> _How to complete this task_
Every line from the start of the records through the line with "Chest And Nightstand" is to be written out exactly; pictures are not.

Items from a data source
——
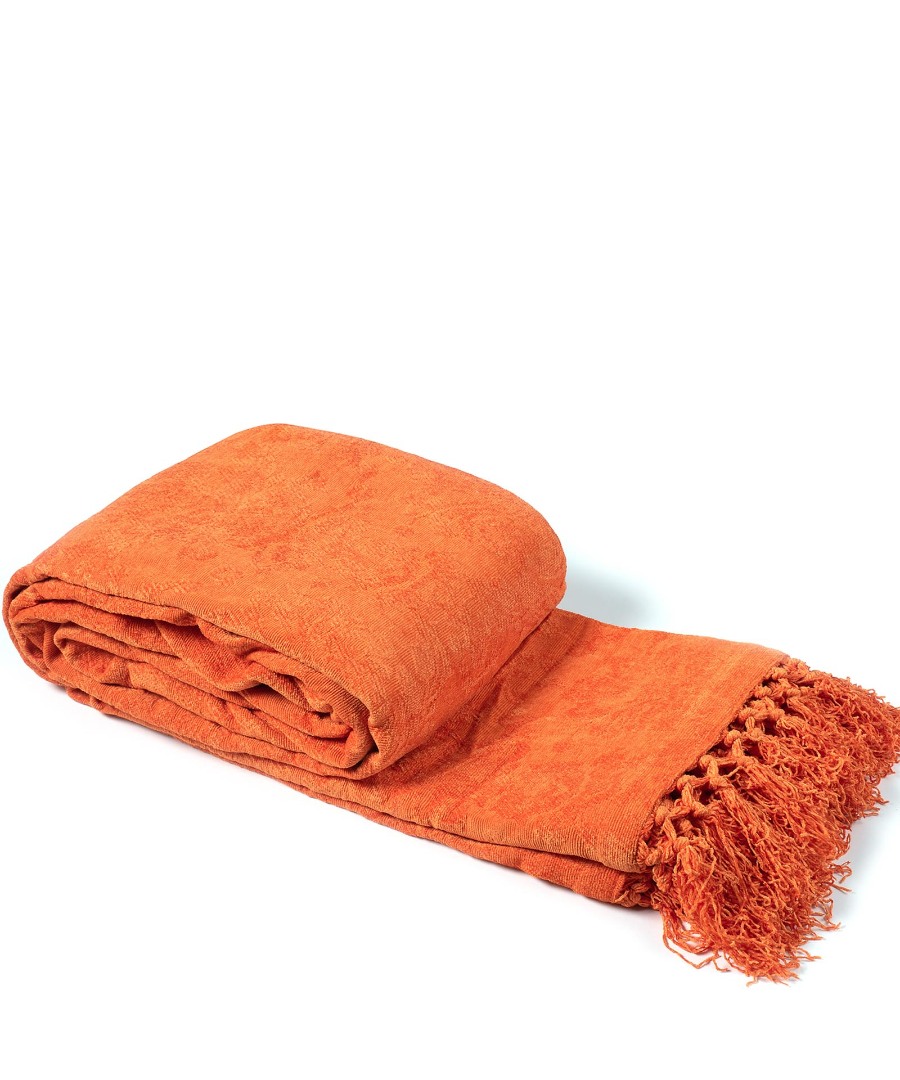 Φωτογραφία προϊόντος: SilkFashion ΡΙΧΤΑΡΙΑ 2001/28 (180cm x 270cm) πορτοκαλί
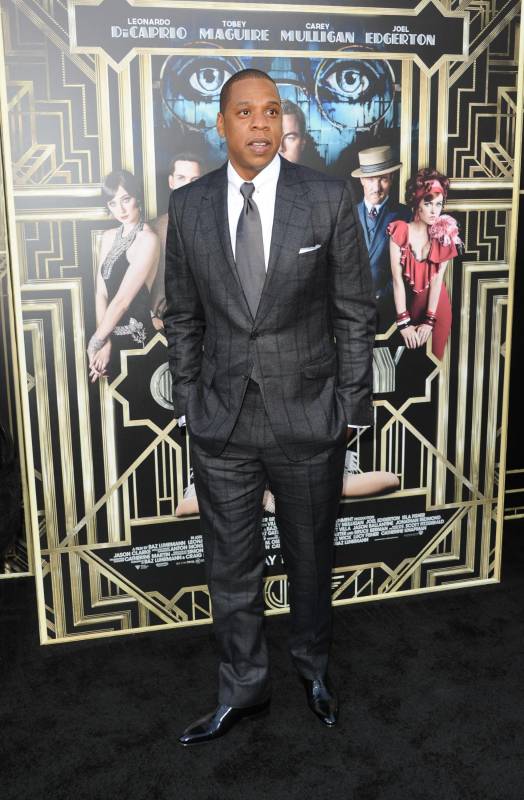 3. Jay-Z. El esposo de Beyoncé acumula una fortuna de 550 millones de dólares gracias a que ha diversificado su portafolio y ha creado Roc Nation, una empresa de entretenimiento y la champaña Armand de Brignac. FOTO Archivo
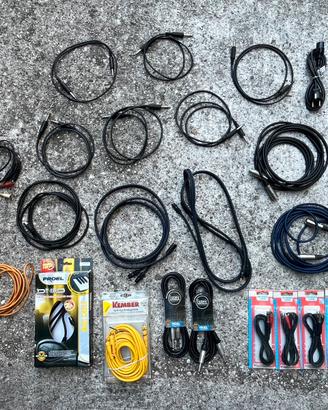 Cavi audio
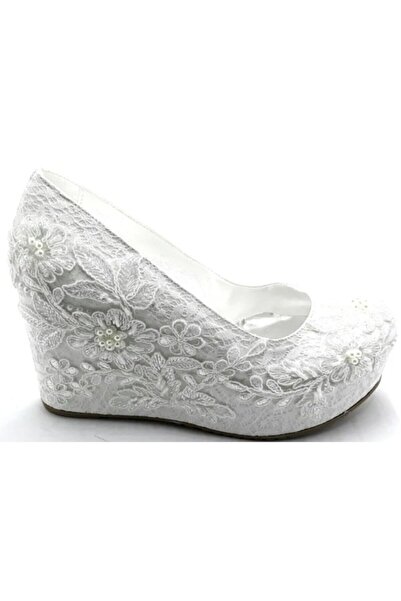 PUNTO Wedge Sole Bridal Shoes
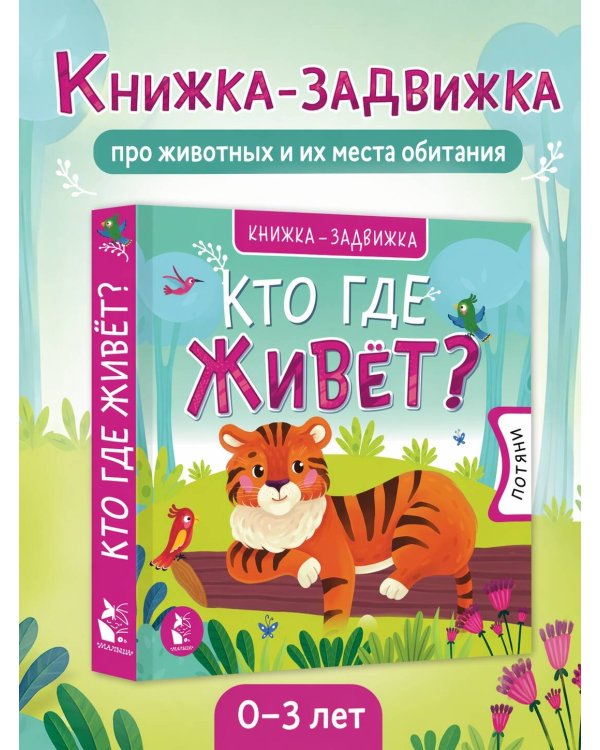 Кто где живет?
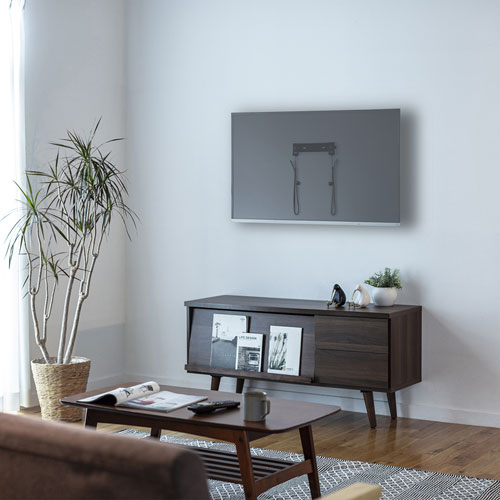 壁掛けテレビ金具（テレビ・スリム・薄型・ディスプレイ・42型まで対応） CR-LA207 サンワサプライ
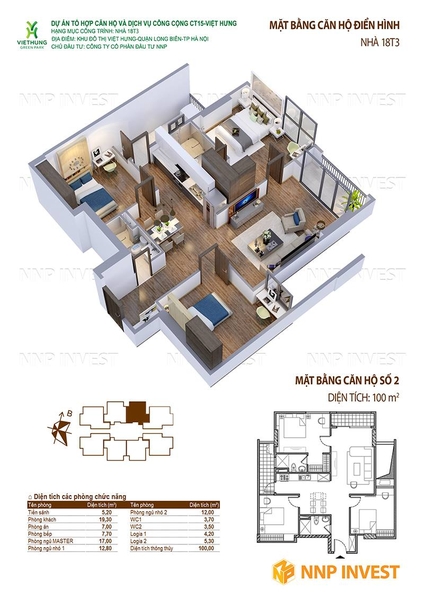 Chung cư CT15 Việt Hưng Green Park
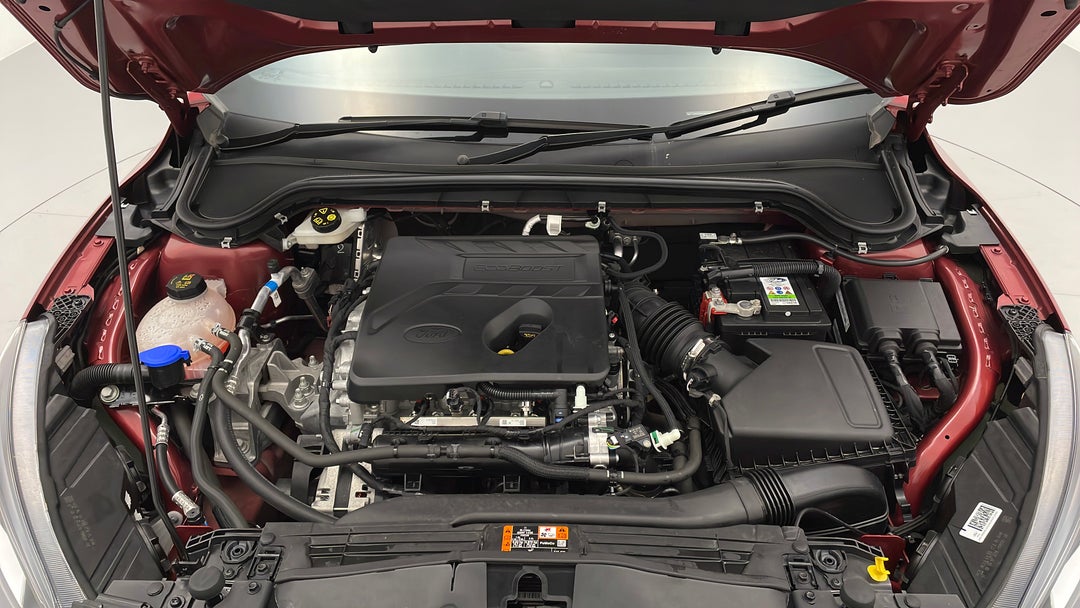 Open Bonnet (Engine)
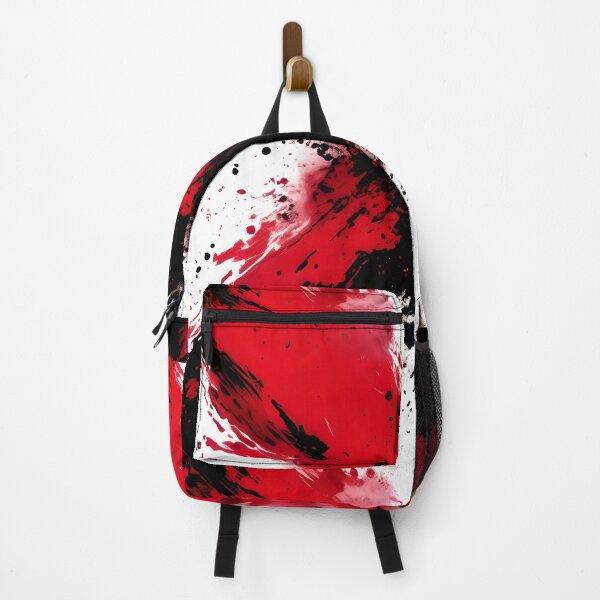 Item preview, Black Red X Paint Pattern designed and sold by Pokemondundee.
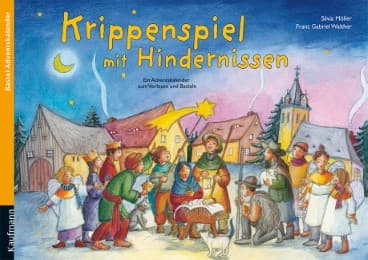 Cover von Krippenspiel mit Hindernissen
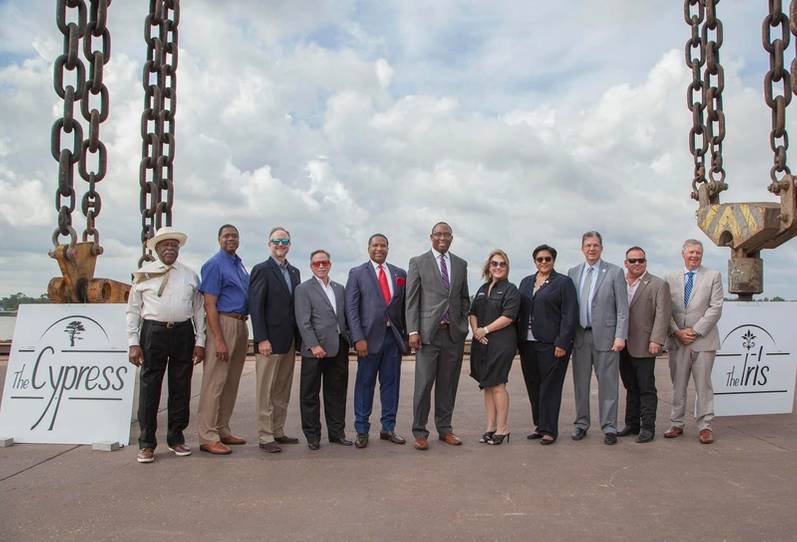 Two New Cranes Dedicated at Port of South Louisiana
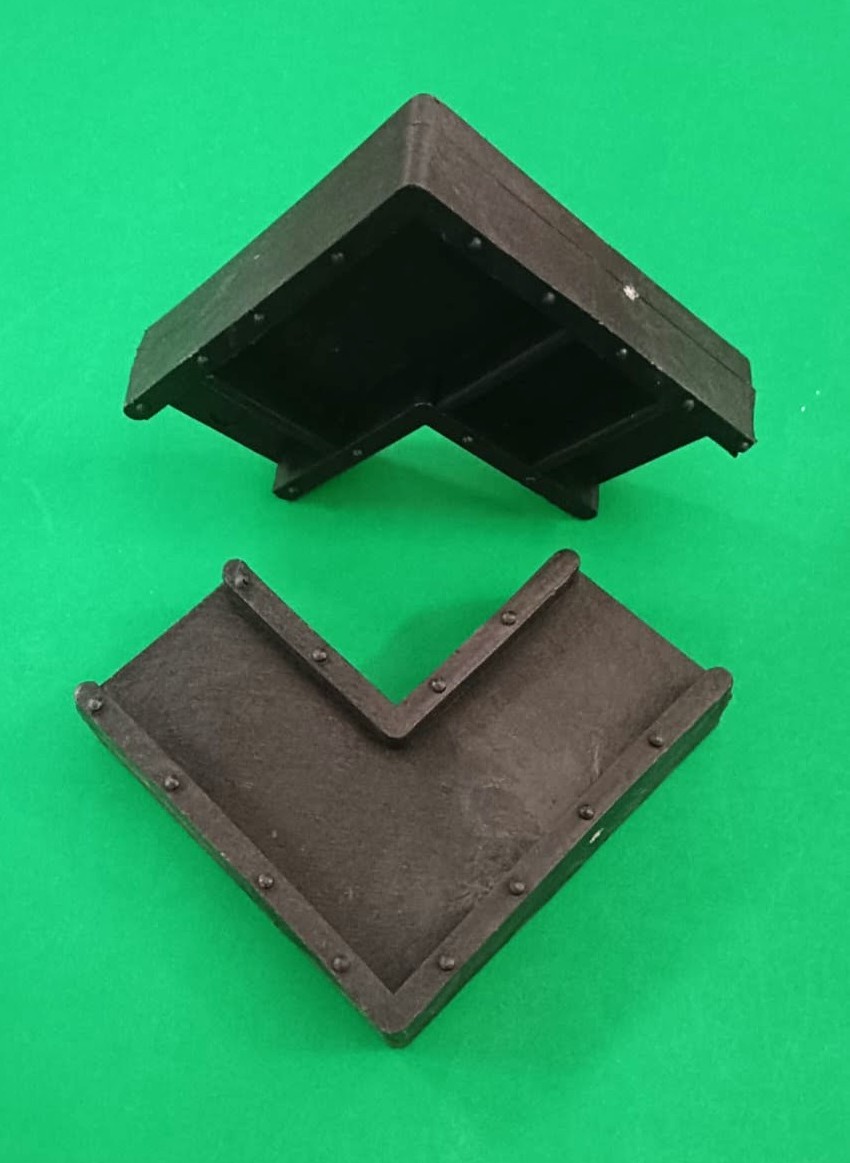 Box 45 Degree Corner  2 x 1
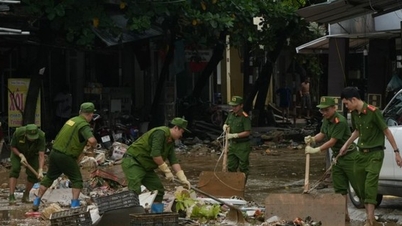 Hình ảnh Tuyên Quang sau trận ngập lụt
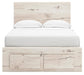 Lawroy  Panel Storage Bed, Dresser, Mirror, Chest And Nightstand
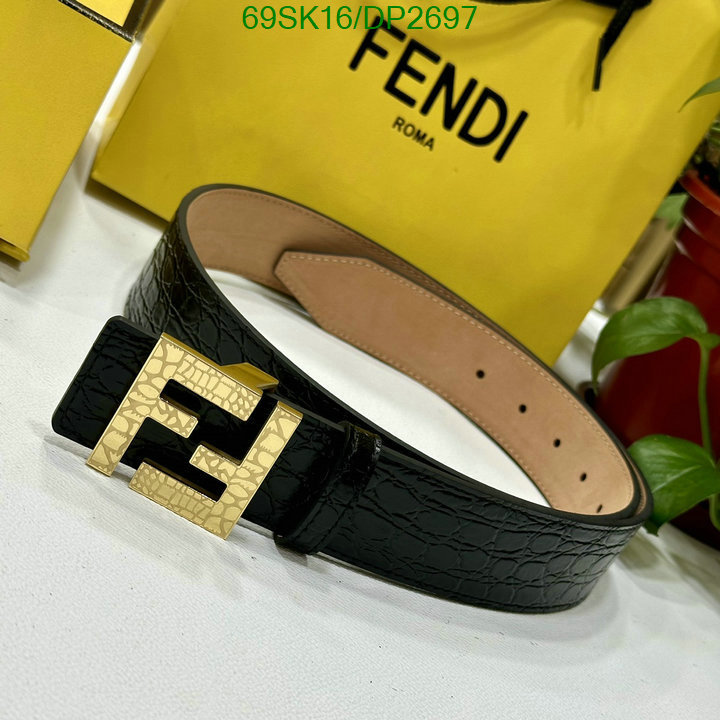 Fendi-Belts Code: DP2697 $: 69USD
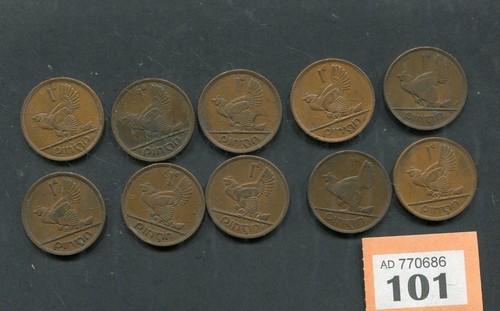 Set coins of ireland - 10,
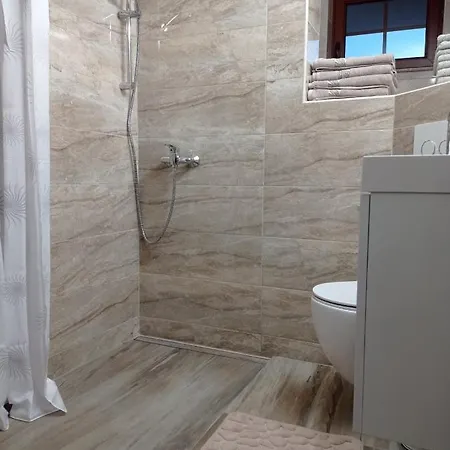 Zerko Holiday Home - Vineyard Chalet With Sauna And Jacuzzi Free Mirna Exterior photo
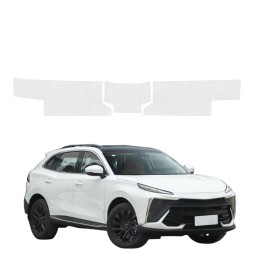 Powłoka techniczna na próg bagażnika do Forthing T5 Evo (2024-2026) GRIZZ 3w1 HeavyDuty Bezbarwna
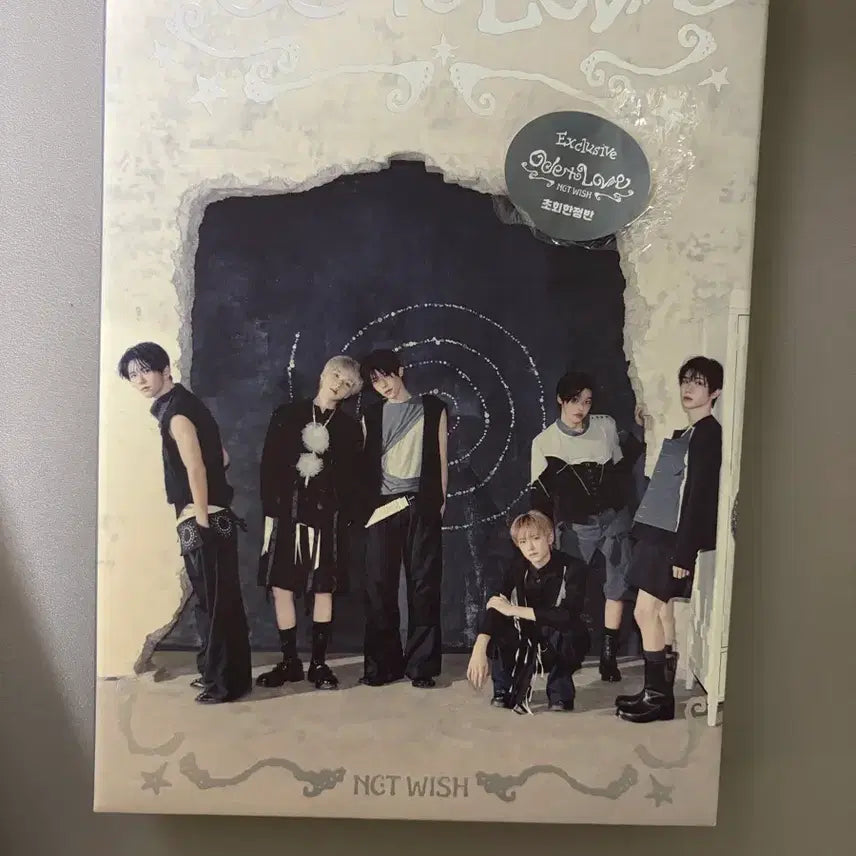 [SOLD OUT] 엔시티위시 오드투러브 안테로스 패키지 리쿠, 유우시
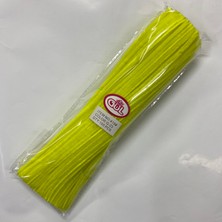 Gül Şönil Chenille Tüylü Çubuk 100 Adet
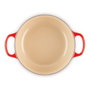 Le Creuset Signature Cazuela redonda 22 cm cerise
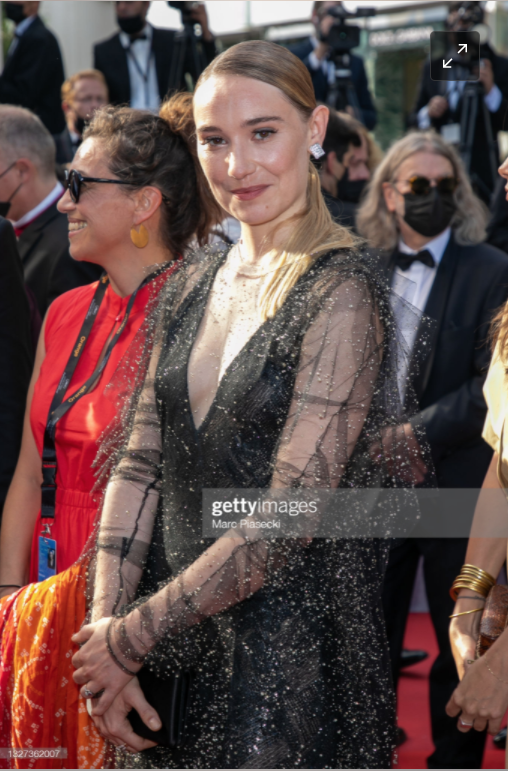 Déborah Francois at the opening of the Cannes Film Festival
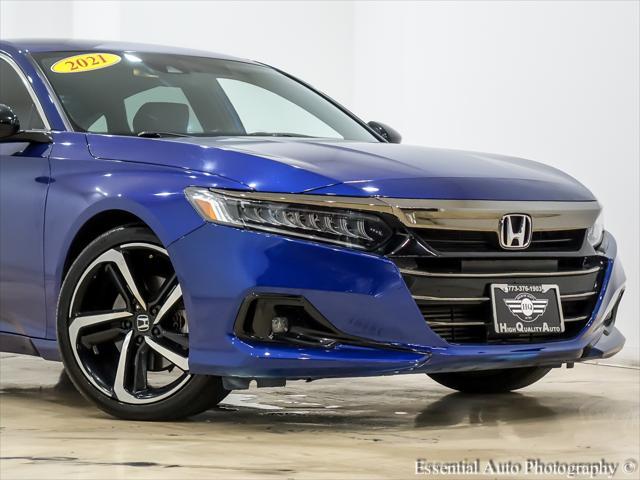 used 2021 Honda Accord car, priced at $24,995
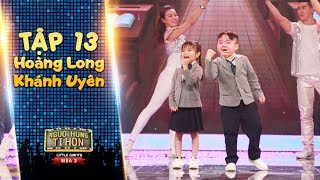 Người hùng tí hon 3 | Tập 13-Chung kết: Hoàng Long-Khánh Uyên kết hợp ăn ý 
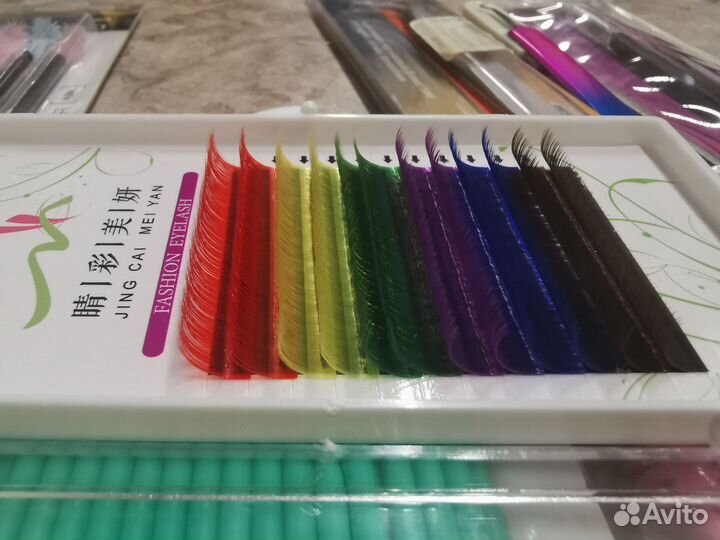 Для наращивания ресниц
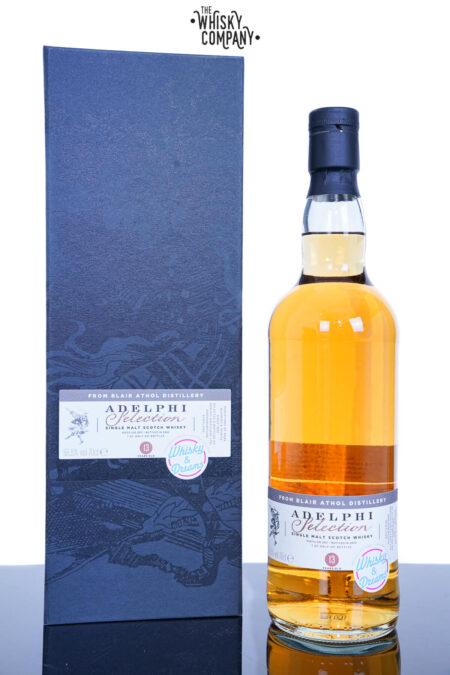 Blair Athol 2011 Aged 13 Years Whisky & Dreams Exclusive Bottling Single Malt Scotch Whisky - Adelphi (700ml)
——
> _Written solution_
 Φωτογραφία προϊόντος: SilkFashion ΡΙΧΤΑΡΙΑ 2001/28 (180cm x 270cm) πορτοκαλί
 3. Jay-Z. El esposo de Beyoncé acumula una fortuna de 550 millones de dólares gracias a que ha diversificado su portafolio y ha creado Roc Nation, una empresa de entretenimiento y la champaña Armand de Brignac. FOTO Archivo
 Cavi audio
 PUNTO Wedge Sole Bridal Shoes
 Кто где живет?
 壁掛けテレビ金具（テレビ・スリム・薄型・ディスプレイ・42型まで対応） CR-LA207 サンワサプライ
 Chung cư CT15 Việt Hưng Green Park
 Open Bonnet (Engine)
 Item preview, Black Red X Paint Pattern designed and sold by Pokemondundee.
 Cover von Krippenspiel mit Hindernissen
 Two New Cranes Dedicated at Port of South Louisiana
 Box 45 Degree Corner  2 x 1
 Hình ảnh Tuyên Quang sau trận ngập lụt
 Lawroy  Panel Storage Bed, Dresser, Mirror, Chest And Nightstand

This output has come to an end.